__Work instructions__:
Which lines should be repeated? Exactly the one containing "Antique CAST IRON" and every line after it through the end of the entries below.

─── Data for this task

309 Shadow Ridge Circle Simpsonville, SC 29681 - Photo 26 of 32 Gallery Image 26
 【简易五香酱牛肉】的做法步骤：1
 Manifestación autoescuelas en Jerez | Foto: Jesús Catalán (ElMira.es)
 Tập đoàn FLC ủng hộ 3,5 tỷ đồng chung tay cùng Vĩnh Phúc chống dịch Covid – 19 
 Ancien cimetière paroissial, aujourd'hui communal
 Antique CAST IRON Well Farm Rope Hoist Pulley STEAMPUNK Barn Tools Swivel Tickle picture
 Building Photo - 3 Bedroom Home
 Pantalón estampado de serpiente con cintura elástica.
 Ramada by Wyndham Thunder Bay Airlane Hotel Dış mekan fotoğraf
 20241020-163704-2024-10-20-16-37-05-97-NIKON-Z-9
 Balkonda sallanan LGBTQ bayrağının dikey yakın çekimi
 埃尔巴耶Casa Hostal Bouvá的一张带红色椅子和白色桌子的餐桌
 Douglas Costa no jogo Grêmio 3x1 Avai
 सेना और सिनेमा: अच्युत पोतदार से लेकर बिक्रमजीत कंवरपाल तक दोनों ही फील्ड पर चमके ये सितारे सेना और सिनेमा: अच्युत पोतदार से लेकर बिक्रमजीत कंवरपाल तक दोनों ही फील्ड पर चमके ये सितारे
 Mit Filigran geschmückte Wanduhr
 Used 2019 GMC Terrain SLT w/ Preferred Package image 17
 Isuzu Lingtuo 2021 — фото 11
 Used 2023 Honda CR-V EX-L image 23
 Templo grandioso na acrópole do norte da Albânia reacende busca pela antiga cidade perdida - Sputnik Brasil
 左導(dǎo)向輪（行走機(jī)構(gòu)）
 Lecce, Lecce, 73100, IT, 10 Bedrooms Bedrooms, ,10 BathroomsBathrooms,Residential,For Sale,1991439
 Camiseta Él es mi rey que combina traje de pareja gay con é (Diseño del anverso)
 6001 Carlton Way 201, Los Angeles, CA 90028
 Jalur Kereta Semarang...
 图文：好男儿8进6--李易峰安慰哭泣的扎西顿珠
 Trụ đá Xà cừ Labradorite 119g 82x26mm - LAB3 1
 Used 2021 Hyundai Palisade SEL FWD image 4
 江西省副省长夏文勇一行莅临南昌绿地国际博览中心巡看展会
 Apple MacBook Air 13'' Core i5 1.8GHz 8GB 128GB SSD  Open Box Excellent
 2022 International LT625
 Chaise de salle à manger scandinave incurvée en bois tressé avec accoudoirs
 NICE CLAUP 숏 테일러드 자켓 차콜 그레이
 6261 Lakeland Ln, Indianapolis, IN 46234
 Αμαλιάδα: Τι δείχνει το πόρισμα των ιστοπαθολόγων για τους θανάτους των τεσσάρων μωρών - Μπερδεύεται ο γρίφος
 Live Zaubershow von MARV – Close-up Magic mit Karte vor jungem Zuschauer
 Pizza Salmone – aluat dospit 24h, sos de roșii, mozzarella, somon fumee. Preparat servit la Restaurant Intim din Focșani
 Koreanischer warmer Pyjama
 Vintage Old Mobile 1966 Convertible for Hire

──────

__Completed exercise__:
 Antique CAST IRON Well Farm Rope Hoist Pulley STEAMPUNK Barn Tools Swivel Tickle picture
 Building Photo - 3 Bedroom Home
 Pantalón estampado de serpiente con cintura elástica.
 Ramada by Wyndham Thunder Bay Airlane Hotel Dış mekan fotoğraf
 20241020-163704-2024-10-20-16-37-05-97-NIKON-Z-9
 Balkonda sallanan LGBTQ bayrağının dikey yakın çekimi
 埃尔巴耶Casa Hostal Bouvá的一张带红色椅子和白色桌子的餐桌
 Douglas Costa no jogo Grêmio 3x1 Avai
 सेना और सिनेमा: अच्युत पोतदार से लेकर बिक्रमजीत कंवरपाल तक दोनों ही फील्ड पर चमके ये सितारे सेना और सिनेमा: अच्युत पोतदार से लेकर बिक्रमजीत कंवरपाल तक दोनों ही फील्ड पर चमके ये सितारे
 Mit Filigran geschmückte Wanduhr
 Used 2019 GMC Terrain SLT w/ Preferred Package image 17
 Isuzu Lingtuo 2021 — фото 11
 Used 2023 Honda CR-V EX-L image 23
 Templo grandioso na acrópole do norte da Albânia reacende busca pela antiga cidade perdida - Sputnik Brasil
 左導(dǎo)向輪（行走機(jī)構(gòu)）
 Lecce, Lecce, 73100, IT, 10 Bedrooms Bedrooms, ,10 BathroomsBathrooms,Residential,For Sale,1991439
 Camiseta Él es mi rey que combina traje de pareja gay con é (Diseño del anverso)
 6001 Carlton Way 201, Los Angeles, CA 90028
 Jalur Kereta Semarang...
 图文：好男儿8进6--李易峰安慰哭泣的扎西顿珠
 Trụ đá Xà cừ Labradorite 119g 82x26mm - LAB3 1
 Used 2021 Hyundai Palisade SEL FWD image 4
 江西省副省长夏文勇一行莅临南昌绿地国际博览中心巡看展会
 Apple MacBook Air 13'' Core i5 1.8GHz 8GB 128GB SSD  Open Box Excellent
 2022 International LT625
 Chaise de salle à manger scandinave incurvée en bois tressé avec accoudoirs
 NICE CLAUP 숏 테일러드 자켓 차콜 그레이
 6261 Lakeland Ln, Indianapolis, IN 46234
 Αμαλιάδα: Τι δείχνει το πόρισμα των ιστοπαθολόγων για τους θανάτους των τεσσάρων μωρών - Μπερδεύεται ο γρίφος
 Live Zaubershow von MARV – Close-up Magic mit Karte vor jungem Zuschauer
 Pizza Salmone – aluat dospit 24h, sos de roșii, mozzarella, somon fumee. Preparat servit la Restaurant Intim din Focșani
 Koreanischer warmer Pyjama
 Vintage Old Mobile 1966 Convertible for Hire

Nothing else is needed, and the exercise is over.